**WHAT IS BEING ASKED**
Retype the whole of the data exactly.

(Web page caption snippets)
● ● ● ● ●
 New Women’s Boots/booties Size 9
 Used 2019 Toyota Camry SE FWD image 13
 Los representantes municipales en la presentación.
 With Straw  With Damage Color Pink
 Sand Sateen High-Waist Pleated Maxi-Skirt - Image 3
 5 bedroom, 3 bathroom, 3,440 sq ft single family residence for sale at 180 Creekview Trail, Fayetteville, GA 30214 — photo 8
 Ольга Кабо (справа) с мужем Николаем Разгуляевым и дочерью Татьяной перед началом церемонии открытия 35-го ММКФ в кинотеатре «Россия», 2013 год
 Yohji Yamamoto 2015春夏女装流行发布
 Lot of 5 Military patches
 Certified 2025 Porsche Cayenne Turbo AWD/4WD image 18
● ● ● ● ●
**SOLUTION TO THIS TASK**
 New Women’s Boots/booties Size 9
 Used 2019 Toyota Camry SE FWD image 13
 Los representantes municipales en la presentación.
 With Straw  With Damage Color Pink
 Sand Sateen High-Waist Pleated Maxi-Skirt - Image 3
 5 bedroom, 3 bathroom, 3,440 sq ft single family residence for sale at 180 Creekview Trail, Fayetteville, GA 30214 — photo 8
 Ольга Кабо (справа) с мужем Николаем Разгуляевым и дочерью Татьяной перед началом церемонии открытия 35-го ММКФ в кинотеатре «Россия», 2013 год
 Yohji Yamamoto 2015春夏女装流行发布
 Lot of 5 Military patches
 Certified 2025 Porsche Cayenne Turbo AWD/4WD image 18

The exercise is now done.